Parece que o mundo está dando uma segunda chance para Suzane Von Richthofen, de 40 anos. A mulher, condenada por assassinar os pais Manfred e Marísia Von Richtofen no ano de 2002, está ensaiando prestar concurso público para o cargo de escrevente técnico judiciário no Tribunal da Justiça em São Paulo.
No ato da inscrição, Suzane optou por trabalhar no fórum de Bragança Paulista, cidade do interior onde ela também cumpre pena em regime aberto.
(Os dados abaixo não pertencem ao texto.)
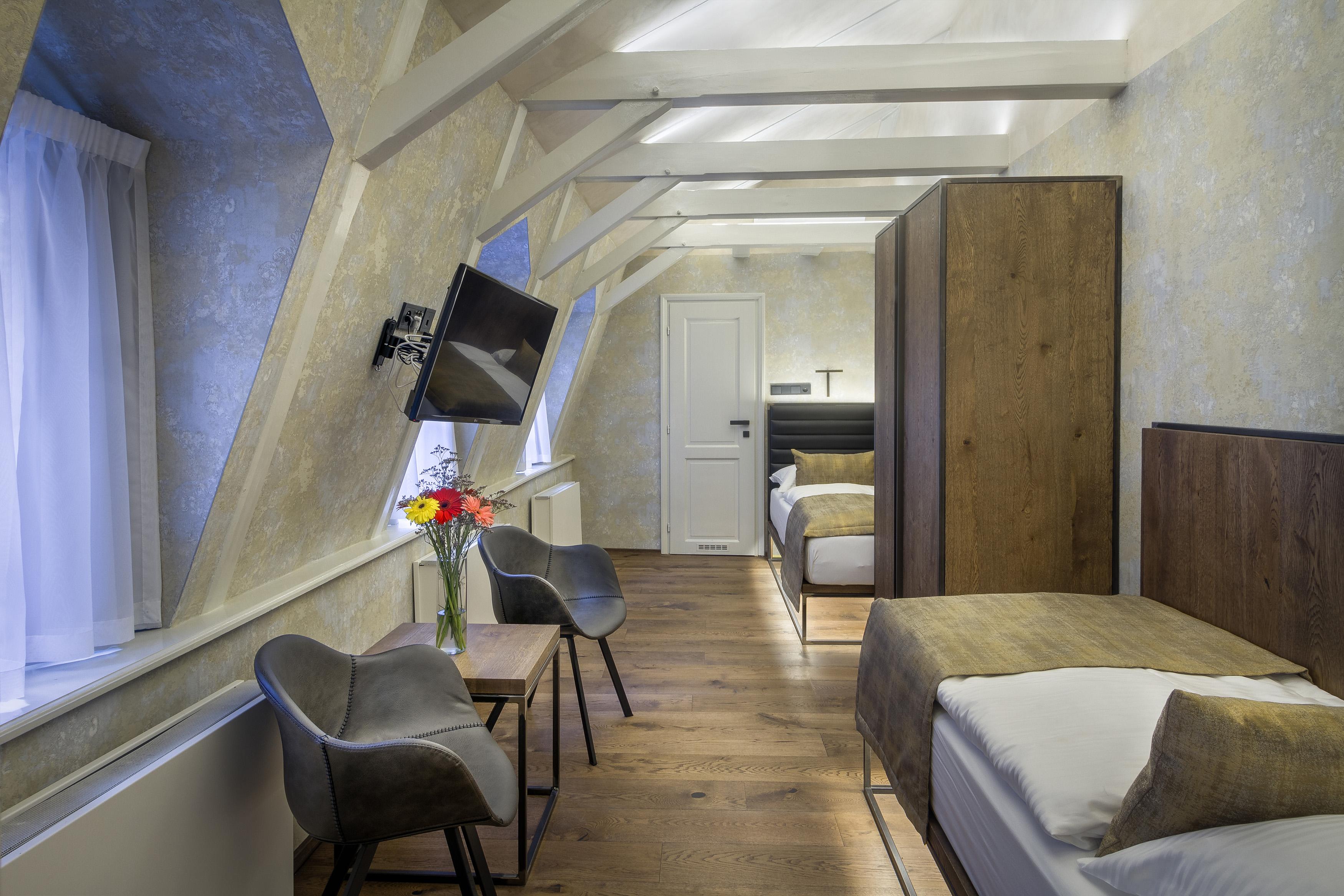 Hotel Waldstein Прага Екстериор снимка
Porém, por mais que esteja com o processo de inscrição avançado, ela ainda poderá ser desclassificada por possuir antecedentes criminais.
A função de escrevente envolve serviços administrativos e atendimento ao público e, de acordo com o edital, exige uma conduta que não permite um passado criminoso. É interessante lembrar que Suzane tentou outro cargo público, - este de telefonista da Câmara Municipal de Avaré - mas acabou desistindo por sofrer pressão pública.
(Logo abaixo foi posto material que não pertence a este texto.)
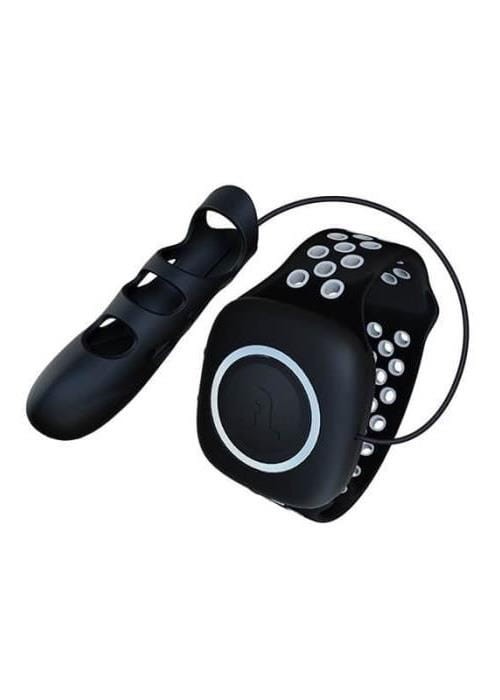 Stymulator palcowy -  Nowość w stymulacji dla kobiet Touché L Grey-Black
Criminosos condenados exercendo cargos públicos abrem brecha para Suzane
No ano de 1997, - curiosamente na noite seguinte ao antigo Dia do Índio e atual Dia dos Povos Indígenas - o cacique do povo Pataxó-Hã-Hã-Hãe, Galdino Jesus dos Santos, foi cruelmente assassinado por cinco jovens da classe alta de Brasília. Galdino dormia em uma parada de ônibus quando foi surpreendido pelos criminosos que atearam fogo, deixando queimaduras em mais de 95% de seu corpo. No dia seguinte, o homem foi decretado morto no Hospital Regional do Norte.
Quase trinta anos depois, os cinco participantes do crime estão livres e exercendo cargos de servidores públicos e essa é justamente a brecha que os advogados de Suzane têm se apoiado para que ela também possa trabalhar no setor público.